To Mr Guterres this perfect storm in which “the fault lines of conflict” were interrelated had created an imperative for leaders to face up to the gravity of the moment.

Dubbing the situation as a cold war, Mr Guterres called for an equivalent of the last century’s Helsinki Process to stand apart from the multiple tensions and provide a means of dialogue.

Minutes later Mr Guterres was to get an illustration of the very divisions that he decried. An address to the same audience by the Emir of Qatar took a markedly different stance. Dressed in a double-breasted pin stripe suit, Sheikh Tamim took the opportunity for pleading the country’s own case.

The address honed in on European fears of migrants unleashed by Middle East instability. Featuring a word cloud of sectarianism, injustice, hypocrisy, the ultimate point was that shared security was a matter of changing the rules, shifting focus from the GCC and going beyond the Arabian Gulf region. "It is time for wider regional security in the Middle East. It is time for all nations of the region to forget the past, including us, and agree on basic security principles and rules of governance,” he said.

“All the nations need to agree on a baseline of coexistence, backed by binding arbitration mechanism to take part in a regional security agreement.”

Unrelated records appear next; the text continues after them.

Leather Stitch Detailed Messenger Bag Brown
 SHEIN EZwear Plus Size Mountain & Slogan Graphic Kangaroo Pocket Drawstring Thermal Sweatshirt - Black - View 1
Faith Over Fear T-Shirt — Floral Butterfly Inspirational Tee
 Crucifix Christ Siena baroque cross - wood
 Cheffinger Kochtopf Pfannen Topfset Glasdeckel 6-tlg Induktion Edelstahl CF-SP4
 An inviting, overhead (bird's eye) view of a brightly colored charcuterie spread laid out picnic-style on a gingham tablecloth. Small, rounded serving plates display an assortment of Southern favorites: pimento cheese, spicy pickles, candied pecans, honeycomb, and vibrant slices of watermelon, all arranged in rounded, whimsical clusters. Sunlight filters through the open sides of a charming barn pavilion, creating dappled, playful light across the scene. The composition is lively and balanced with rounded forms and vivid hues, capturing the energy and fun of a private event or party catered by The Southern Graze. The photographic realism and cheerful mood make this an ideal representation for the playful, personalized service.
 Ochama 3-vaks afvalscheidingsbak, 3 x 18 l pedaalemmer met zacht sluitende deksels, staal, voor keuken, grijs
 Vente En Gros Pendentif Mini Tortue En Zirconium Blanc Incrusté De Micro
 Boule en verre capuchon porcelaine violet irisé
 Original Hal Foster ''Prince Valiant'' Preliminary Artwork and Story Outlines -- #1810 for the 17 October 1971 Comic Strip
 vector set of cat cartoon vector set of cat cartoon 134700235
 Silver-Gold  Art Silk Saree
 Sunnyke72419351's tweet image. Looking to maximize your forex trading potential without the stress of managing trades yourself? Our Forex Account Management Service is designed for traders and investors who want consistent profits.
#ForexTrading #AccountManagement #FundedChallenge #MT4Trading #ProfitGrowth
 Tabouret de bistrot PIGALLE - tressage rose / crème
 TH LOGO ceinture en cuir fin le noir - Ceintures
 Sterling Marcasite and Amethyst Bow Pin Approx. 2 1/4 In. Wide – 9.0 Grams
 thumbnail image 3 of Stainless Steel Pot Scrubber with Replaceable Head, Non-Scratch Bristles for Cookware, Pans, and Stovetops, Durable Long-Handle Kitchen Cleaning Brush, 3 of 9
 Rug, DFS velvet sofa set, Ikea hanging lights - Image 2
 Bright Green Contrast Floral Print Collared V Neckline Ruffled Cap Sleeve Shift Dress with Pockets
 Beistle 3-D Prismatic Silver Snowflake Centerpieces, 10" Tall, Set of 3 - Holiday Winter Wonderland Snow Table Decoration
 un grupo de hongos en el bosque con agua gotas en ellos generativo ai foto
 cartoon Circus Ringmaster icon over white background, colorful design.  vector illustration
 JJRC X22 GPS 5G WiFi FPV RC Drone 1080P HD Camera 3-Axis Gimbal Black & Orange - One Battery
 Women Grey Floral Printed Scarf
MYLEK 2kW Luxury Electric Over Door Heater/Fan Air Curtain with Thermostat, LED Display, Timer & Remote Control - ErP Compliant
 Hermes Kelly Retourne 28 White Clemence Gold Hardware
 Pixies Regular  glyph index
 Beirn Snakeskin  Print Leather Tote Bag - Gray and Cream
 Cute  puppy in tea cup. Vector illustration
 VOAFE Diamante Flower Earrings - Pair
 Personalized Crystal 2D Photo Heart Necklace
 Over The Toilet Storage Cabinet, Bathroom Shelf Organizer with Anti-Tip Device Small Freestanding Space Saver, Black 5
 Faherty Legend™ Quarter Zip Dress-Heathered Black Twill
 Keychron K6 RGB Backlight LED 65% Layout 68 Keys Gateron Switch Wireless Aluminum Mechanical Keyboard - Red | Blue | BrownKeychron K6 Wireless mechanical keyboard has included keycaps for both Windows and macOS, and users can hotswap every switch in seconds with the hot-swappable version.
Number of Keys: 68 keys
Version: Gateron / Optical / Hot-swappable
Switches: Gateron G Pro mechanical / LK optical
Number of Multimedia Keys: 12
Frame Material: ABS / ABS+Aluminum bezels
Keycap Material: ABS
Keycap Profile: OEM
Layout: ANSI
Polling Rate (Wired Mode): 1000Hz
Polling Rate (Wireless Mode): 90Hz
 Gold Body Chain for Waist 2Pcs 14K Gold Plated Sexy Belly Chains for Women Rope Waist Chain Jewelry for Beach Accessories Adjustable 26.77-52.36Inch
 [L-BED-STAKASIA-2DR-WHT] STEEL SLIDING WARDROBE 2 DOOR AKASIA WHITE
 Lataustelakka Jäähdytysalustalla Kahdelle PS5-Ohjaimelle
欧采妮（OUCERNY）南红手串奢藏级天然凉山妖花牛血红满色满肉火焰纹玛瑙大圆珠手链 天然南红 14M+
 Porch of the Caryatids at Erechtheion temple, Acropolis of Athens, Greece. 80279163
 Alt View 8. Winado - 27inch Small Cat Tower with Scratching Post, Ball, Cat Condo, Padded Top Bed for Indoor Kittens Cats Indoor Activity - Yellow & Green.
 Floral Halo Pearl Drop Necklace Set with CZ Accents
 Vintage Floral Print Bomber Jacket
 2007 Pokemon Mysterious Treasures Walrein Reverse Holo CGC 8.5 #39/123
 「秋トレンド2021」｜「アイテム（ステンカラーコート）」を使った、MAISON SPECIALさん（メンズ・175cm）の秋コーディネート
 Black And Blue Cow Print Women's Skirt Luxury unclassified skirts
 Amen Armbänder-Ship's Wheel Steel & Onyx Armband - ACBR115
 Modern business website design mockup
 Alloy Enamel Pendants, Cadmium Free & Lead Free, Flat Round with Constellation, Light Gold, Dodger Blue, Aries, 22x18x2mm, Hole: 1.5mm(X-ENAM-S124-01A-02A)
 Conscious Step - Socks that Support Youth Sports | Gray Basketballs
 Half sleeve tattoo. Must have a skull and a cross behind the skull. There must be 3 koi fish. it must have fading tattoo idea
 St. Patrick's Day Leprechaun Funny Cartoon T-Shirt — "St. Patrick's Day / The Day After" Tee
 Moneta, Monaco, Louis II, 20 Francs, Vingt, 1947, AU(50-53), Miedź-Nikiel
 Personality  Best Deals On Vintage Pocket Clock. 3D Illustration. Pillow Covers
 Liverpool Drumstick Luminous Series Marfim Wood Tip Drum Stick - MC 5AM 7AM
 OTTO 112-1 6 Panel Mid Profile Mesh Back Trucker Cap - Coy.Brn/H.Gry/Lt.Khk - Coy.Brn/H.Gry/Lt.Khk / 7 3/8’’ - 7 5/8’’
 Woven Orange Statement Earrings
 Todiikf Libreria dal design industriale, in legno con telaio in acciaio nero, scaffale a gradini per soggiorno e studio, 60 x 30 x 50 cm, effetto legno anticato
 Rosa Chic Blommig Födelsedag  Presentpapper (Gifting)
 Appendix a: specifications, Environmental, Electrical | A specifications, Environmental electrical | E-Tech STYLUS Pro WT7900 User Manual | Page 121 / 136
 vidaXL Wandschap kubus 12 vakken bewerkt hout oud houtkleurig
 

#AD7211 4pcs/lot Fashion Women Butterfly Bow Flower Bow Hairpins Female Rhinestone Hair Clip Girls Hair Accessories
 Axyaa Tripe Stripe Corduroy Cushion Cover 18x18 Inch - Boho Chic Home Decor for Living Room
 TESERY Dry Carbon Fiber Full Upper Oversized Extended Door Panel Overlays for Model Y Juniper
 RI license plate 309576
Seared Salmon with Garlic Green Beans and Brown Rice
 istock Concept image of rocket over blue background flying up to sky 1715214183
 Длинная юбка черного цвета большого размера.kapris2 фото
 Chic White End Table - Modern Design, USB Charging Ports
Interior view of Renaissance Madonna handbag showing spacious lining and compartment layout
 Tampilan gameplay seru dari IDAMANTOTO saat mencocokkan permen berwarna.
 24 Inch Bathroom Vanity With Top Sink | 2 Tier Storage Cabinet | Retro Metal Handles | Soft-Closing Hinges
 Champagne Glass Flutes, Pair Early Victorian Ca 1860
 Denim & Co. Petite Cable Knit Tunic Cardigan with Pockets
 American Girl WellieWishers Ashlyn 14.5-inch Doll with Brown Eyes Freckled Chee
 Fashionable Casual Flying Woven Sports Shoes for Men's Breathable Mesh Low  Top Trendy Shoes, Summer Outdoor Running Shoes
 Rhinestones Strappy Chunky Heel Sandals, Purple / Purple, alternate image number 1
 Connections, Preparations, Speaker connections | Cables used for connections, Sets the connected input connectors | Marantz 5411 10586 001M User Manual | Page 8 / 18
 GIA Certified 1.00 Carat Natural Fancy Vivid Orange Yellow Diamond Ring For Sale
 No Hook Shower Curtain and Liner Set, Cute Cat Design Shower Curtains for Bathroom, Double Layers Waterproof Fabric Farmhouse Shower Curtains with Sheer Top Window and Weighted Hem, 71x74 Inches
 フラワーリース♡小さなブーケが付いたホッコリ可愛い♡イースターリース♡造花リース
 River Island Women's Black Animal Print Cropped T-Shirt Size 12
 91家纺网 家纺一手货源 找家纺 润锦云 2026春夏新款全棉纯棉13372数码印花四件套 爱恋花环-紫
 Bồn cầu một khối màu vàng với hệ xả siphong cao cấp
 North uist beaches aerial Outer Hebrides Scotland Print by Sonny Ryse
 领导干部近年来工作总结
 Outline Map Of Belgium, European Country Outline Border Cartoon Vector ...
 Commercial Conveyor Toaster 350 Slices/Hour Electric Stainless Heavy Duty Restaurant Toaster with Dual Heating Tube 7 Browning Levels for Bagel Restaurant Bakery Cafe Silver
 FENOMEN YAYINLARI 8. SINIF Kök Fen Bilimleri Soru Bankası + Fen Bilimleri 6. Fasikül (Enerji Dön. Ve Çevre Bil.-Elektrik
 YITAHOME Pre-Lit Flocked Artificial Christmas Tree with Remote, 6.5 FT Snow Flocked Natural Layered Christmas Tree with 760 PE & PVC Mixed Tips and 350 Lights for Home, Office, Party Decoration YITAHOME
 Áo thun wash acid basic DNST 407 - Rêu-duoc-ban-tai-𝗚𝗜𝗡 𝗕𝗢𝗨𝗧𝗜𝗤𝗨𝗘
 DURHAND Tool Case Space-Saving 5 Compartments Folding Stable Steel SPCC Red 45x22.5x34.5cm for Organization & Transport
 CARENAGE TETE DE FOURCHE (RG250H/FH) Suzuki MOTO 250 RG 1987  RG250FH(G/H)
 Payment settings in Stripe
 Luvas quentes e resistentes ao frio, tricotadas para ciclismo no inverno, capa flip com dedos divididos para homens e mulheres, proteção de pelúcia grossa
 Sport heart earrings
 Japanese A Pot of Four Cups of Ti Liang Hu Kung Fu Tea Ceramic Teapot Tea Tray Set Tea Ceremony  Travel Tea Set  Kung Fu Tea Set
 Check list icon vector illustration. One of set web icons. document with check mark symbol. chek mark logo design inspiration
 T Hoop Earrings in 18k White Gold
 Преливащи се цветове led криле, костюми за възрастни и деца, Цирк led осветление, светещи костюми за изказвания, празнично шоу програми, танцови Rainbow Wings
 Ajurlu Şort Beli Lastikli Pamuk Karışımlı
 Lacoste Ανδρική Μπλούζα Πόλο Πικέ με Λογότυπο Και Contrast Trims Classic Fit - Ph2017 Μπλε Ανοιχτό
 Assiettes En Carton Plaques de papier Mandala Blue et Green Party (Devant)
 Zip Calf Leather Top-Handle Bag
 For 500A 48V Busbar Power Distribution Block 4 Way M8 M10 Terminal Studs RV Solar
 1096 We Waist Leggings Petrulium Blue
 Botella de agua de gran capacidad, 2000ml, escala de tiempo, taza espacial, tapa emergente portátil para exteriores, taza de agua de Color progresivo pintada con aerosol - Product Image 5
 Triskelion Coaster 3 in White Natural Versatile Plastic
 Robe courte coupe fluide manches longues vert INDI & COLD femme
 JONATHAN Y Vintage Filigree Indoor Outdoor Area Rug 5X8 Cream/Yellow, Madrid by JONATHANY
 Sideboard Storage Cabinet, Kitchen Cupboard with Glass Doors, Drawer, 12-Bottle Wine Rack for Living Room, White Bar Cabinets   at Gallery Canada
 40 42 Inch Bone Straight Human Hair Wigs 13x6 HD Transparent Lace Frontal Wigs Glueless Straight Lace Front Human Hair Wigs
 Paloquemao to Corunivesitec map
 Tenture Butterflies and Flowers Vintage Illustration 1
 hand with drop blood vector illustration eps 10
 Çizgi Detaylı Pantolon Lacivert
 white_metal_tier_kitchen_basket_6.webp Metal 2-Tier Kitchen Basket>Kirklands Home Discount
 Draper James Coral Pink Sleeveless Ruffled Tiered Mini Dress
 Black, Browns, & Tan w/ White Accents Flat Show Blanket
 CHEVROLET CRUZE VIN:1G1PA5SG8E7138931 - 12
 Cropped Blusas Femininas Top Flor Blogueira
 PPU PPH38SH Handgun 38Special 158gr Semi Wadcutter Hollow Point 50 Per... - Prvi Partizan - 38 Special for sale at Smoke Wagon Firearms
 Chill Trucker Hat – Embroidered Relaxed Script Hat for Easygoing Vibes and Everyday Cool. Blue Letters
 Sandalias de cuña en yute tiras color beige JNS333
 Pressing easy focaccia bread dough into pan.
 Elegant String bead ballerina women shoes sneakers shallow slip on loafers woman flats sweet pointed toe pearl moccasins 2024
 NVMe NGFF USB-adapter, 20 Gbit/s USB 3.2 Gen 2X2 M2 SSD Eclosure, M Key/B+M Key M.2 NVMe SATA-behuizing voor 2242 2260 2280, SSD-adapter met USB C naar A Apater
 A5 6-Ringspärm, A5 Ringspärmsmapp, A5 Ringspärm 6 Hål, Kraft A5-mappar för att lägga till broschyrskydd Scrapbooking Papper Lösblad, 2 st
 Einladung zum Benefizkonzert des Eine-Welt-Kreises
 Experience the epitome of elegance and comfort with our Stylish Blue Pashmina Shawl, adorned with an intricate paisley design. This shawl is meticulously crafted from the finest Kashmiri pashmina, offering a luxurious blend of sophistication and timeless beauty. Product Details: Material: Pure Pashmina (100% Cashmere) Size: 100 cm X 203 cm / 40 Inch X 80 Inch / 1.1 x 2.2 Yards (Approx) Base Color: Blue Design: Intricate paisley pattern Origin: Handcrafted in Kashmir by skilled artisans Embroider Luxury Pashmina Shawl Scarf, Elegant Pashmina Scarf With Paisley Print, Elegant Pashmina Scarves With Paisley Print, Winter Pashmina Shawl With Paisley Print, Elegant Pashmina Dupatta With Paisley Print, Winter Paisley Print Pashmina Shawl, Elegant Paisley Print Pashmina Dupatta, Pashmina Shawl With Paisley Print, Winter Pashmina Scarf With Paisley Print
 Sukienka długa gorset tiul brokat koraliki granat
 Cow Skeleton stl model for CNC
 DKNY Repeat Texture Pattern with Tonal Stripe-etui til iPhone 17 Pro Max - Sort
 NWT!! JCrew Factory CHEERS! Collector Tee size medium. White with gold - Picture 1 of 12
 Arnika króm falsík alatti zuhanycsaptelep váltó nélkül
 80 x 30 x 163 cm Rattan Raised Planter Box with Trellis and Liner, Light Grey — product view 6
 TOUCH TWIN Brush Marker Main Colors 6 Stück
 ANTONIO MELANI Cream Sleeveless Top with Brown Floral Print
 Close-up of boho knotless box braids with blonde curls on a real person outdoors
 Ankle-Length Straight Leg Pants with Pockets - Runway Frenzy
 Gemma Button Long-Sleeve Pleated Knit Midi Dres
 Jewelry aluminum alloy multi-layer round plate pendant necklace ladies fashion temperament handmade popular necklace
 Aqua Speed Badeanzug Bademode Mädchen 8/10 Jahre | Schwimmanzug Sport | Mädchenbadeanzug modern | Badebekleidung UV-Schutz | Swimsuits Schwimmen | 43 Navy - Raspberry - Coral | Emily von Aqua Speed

In fact that would be a formalisation of the tensions that Mr Guterres spoke very passionately against. The audience was alive to the distinction. An attempt to raise a forced round of applause from the Qatar entourage petered quickly out. A wider caution over the two divergent views of the Middle East prevailed.

Wolfgang Ischinger, the long-serving head of the Munich conference, echoed Mr Guterres theme that states attempting to create their own  reality were jeopardising the global order.

"I have the impression that, rather than just threatening the use of force, weapons are increasingly employed to secure narrow interests,” he said. In his address in the Bayrischer Hof hotel, the German pleaded for less set-piece position taking and more dialogue. "One of the key ingredients of global stability is mutual trust," he said. He cautioned not to underestimate the "risks of miscalculation, misunderstanding" in the absence of dialogue.

He also had a warning over the Syria conflict, which could yet see Nato allies fight for the first time since the organisation was founded.  In particular the Turkish offensive in Afrin brought the very real possibility of confrontation with the US.

"What kind of crisis for NATO would that be if there was really a clash between Turkish and American forces in the region?" he said.